Coliseum Capital Issues Open Letter to Board of R1 RCM on Offer by New Mountain to Acquire the Company for $13.75 Per Share


Coliseum Capital Management, LLC ("Coliseum"), one of the largest shareholders of R1 RCM Inc. (NASDAQ: RCM) ("Company"), today announced that it has issued an open letter to the Company's Board of Directors.

In its letter, Coliseum states that it believes the offer by New Mountain Capital, L.L.C. to acquire the Company for cash consideration of $13.75 per share significantly undervalues the Company. The letter also expresses support for the Company's Board of Directors, management team, and strategy for shareholder value creation. Coliseum encourages the Board of Directors to stand firm and require a materially higher price, or reject the offer and stay the course as a public company.

The full text of the letter is set forth below.

February 26, 2024

R1 RCM Inc.
434 W. Ascension Way, 6th Floor
Murray, Utah 84123
Attn: Board of Directors

Ladies and Gentlemen:

We are writing on behalf of Coliseum Capital Management, LLC which, through its managed funds and accounts, beneficially owns over 10 million shares of common stock of R1 RCM Inc. ("R1" or the "Company"). As such, we are in aggregate, one of the five largest shareholders.

We have reviewed the Amended 13D filed this morning by New Mountain Capital, L.L.C. proposing a transaction under which all of the outstanding shares of R1 would be acquired for cash consideration of $13.75 per share.

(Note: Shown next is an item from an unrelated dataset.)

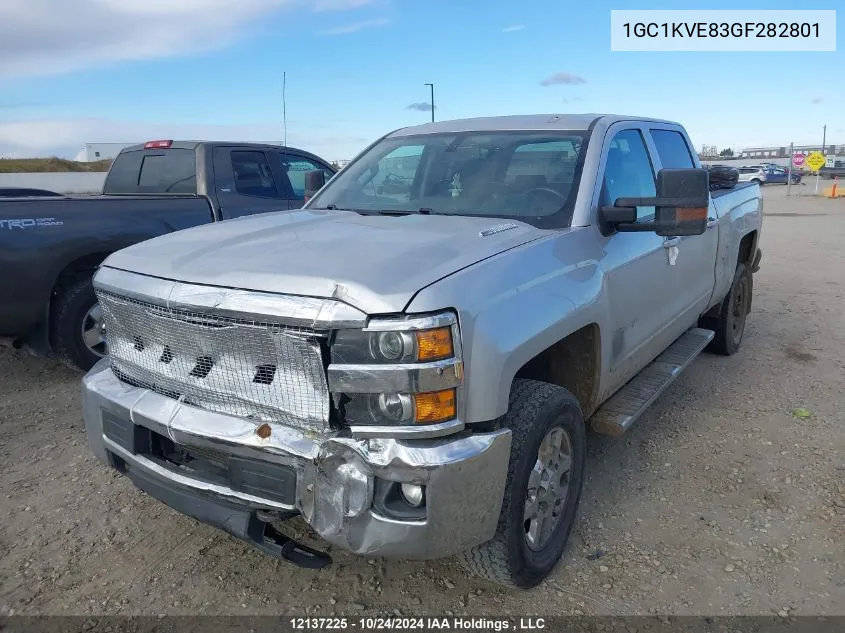 2016 Chevrolet Silverado 2500Hd VIN: 1GC1KVE83GF282801 Lot: 12137225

We believe this proposal meaningfully undervalues the Company and is not in the best interest of shareholders.

As we have shared with management in multiple meetings, we are excited about R1's current strategy and longer-term prospects, and impressed by Lee Rivas, Jennifer Williams and the broader team. Furthermore, we support the current Board of Directors and your efforts in building the business for the benefit of all shareholders. R1 is on a compelling trajectory, and we have deep conviction in management's ability to execute and create durable shareholder value over the coming years.

We encourage the Board of Directors to stand firm and require a materially higher price, or reject the offer and stay the course as a public company. To be clear, given the strength of R1's business prospects, we believe remaining public and driving forward the existing strategy will result in greater value for all shareholders than accepting a price at or near the current offer.

We appreciate your consideration of our views, which come in the genuine spirit of partnership. We look forward to remaining supportive shareholders and thank you for your leadership.